About the Journal | Editorial Board | Instructions to Contributors | Submission & Review | Advertise with Us | Subscribe to E- Alerts
Sitemap | Feedback
Advanced search
Journal of Case Reports
Rare Case of Vaginal Leiomyoma: A Diagnostic Dilemma
Monal Garg, Archana Chaudhary, Rashmi Malik, Bindiya Gupta, Amita Suneja
Department of Obstetrics and Gynecology, University College of Medical Sciences (University of Delhi) and Guru Teg Bahadur Hospital, New Delhi, 110095.
Corresponding Author:
Dr Archana Chaudhary
Email: drarchana_73@yahoo.co.in
Received: 03-FEB-2022 Accepted: 25-JUL-2022 Published Online: 05-AUG-2022
DOI: http://dx.doi.org/10.17659/01.2022.0022
Background: Vaginal leiomyoma is an extremely rare benign tumor with only few cases reported so far. It usually arises from smooth muscle cells in sub-epithelial layer of vagina. Its variable presentations can often be confused with other benign or malignant vaginal masses. Case Report: A 40-year-old female, parity 4 living 4, reported to the gynaecology casualty with complaints of frequent menses for 3 years and urinary retention for 2 days. Pelvic examination revealed a mass of around 10×6 cm originating from the left lateral vaginal wall. Histopathological examination of the enucleated mass revealed vaginal leiomyoma. Conclusion: Although vaginal leiomyoma on lateral vaginal wall is a rare entity, it should be included in one of the differential diagnosis of vaginal masses.
Keywords : Irregular Menstruation, Leiomyoma, Pelvic Examination, Urinary Retention, Vaginal Neoplasms.

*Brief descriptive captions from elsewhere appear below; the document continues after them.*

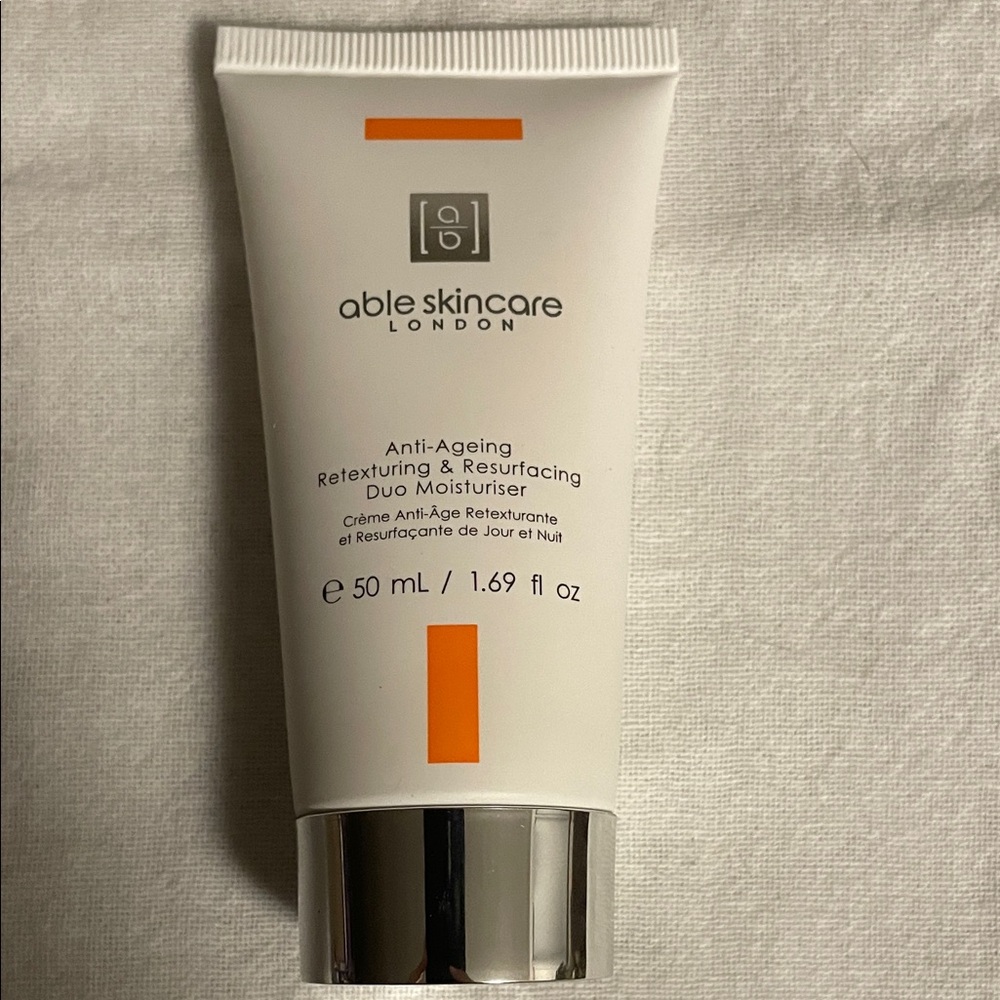 Able Skincare Moisturizer - White and Silver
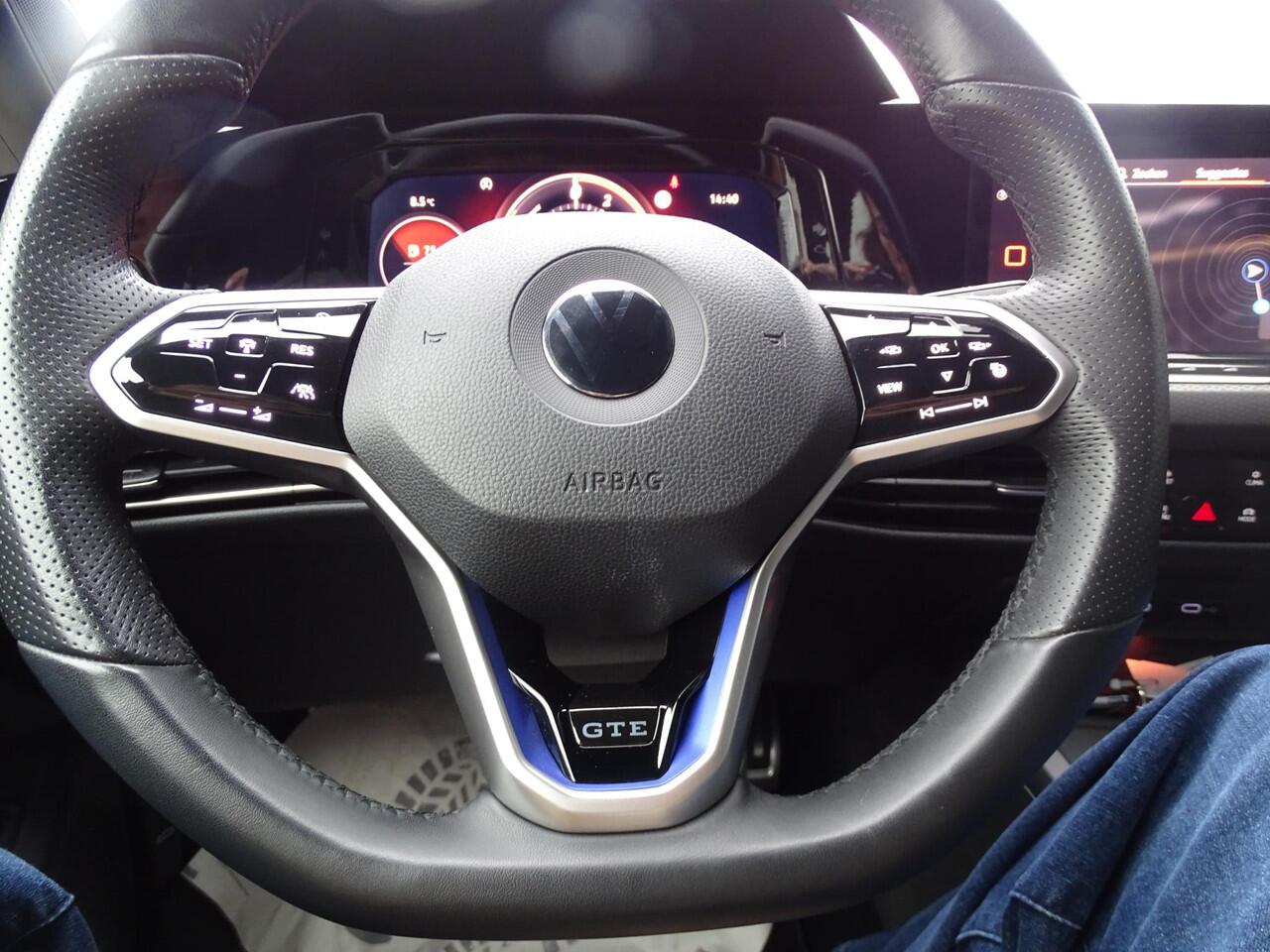 Volkswagen GOLF 1.4 eHybrid GTE FULL LED PAKKET | WINTER PAKKET | R-LINE | NAVIAGTIE | ACHTERUIT RIJ CAMERA | AFNEEMBARE TREKHAAK | SFEER VERLICHTING |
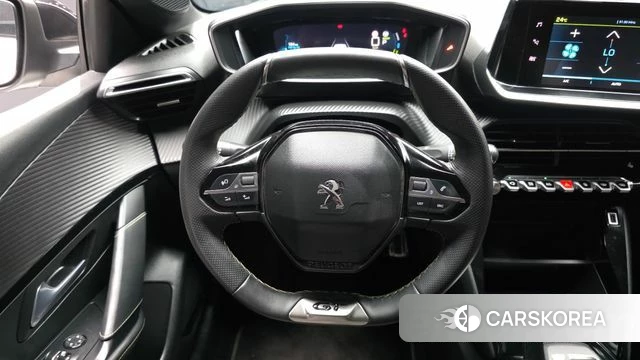Peugeot e-208 second Generation 2022 Белый из Кореи, фото 4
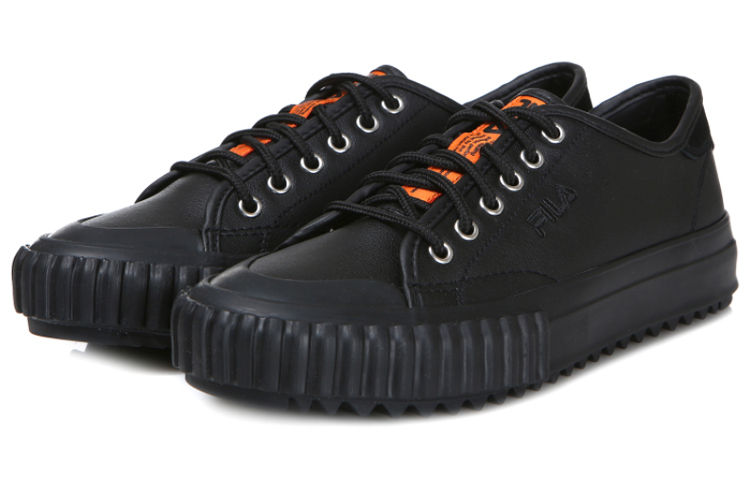 Lookbook FILA Classique Kics T LX Baskets Bass-Noir Casual. 1XM00986_032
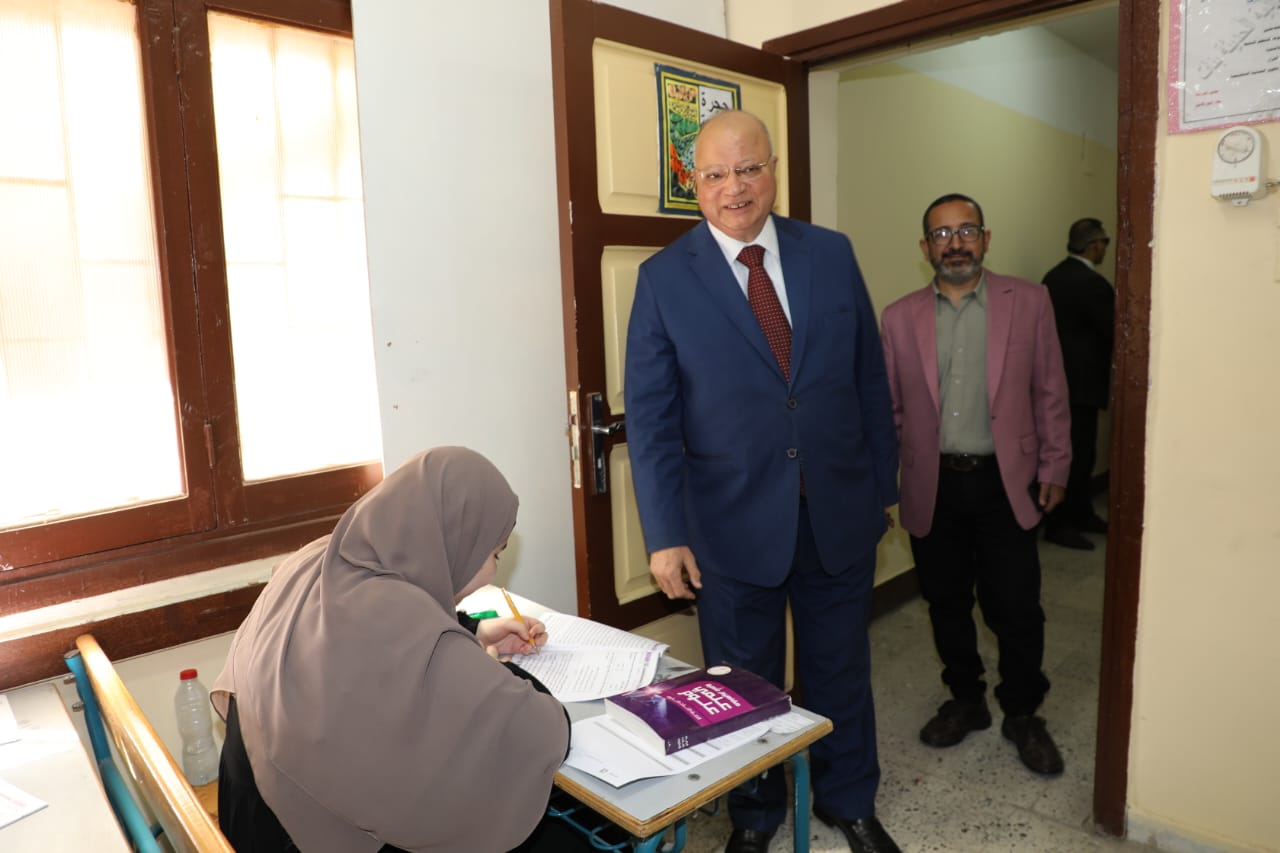 محافظ القاهرة يوجهة بتطهير مقار لجان الثانوية العامة عقب كل امتحان (1)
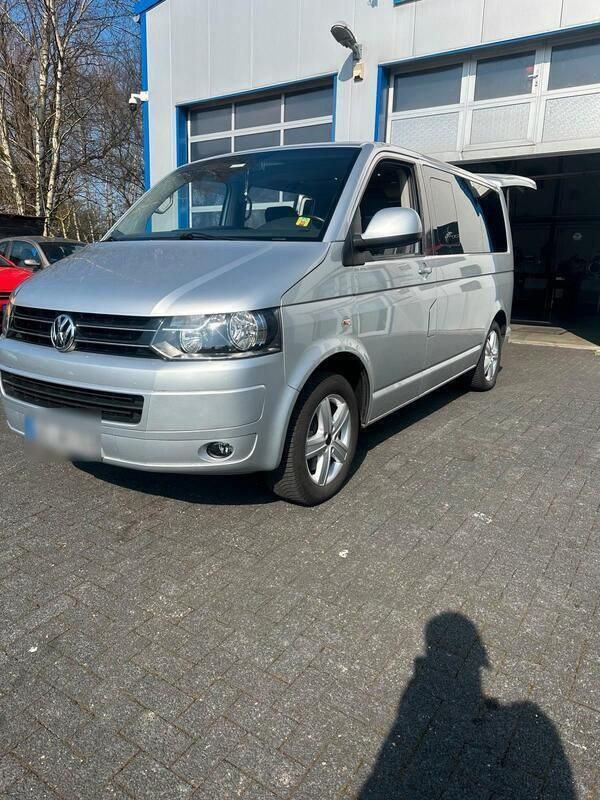 Silber Gebraucht 2009 VW T5 Van | 15.000 € (Teuer) - Bild 1/4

Fibroids represent the most common benign pelvic tumor and are mainly uterine in origin. Rarely, ectopic locations of fibroid have been reported in the literature like ovaries, urethra, bladder, peritoneum and vulva [1]. Vaginal leiomyoma is a very rare benign tumor with only few cases being reported so far. The first case was reported by Denys De Leyden in 1773 [2]. Its variable appearances and presentations lead to a diagnostic challenge which is sought only after histological confirmation. 

Case Report

A 40-year-old female, parity 4 living 4, reported to the casualty with complaints of frequent menses since 3 years and urinary retention for 2 days. On further probing, she gave history of a prolapsing mass 5 years back. She reposited the mass back inside once after which it never came out. The patient was relieved of urinary retention after Foleys catheterization. 
On examination, she was obese with BMI 31.2 kg/m2 and vitally stable. On per abdominal examination, the abdomen was pendulous, soft and non-tender with no lump palpable. On local examination, a bulge of around 8×6 cm was present over left sided labia majora. On per speculum examination, the vagina was entirely filled by a mass whose origin could not be defined. However, the cervix could not be visualised. On per vaginal examination, a mass of around 10×6 cm arising from the left lateral vaginal wall was felt. The upper margin was well demarcated with base being 1 cm from the introitus. It was smooth surfaced, firm in consistency, slightly mobile, non-tender and occupying left as well as posterior fornices. The cervix was felt with difficulty which was firm in consistency and displaced towards the right side. The uterus and bilateral adnexa were normal. The rectal mucosa was free but same mass was felt on per rectal examination. All the blood investigations were normal. On trans-abdominopelvic ultrasonography, heterogenous hypoechoic mass of 12.6×6.2 cm filling the vagina and abutting the posterior wall of urinary bladder was seen. However, no invasion into the bladder was noted. Uterus was normal in size with endometrial thickness of 9 mm and rest of the organs were normal [Fig.1]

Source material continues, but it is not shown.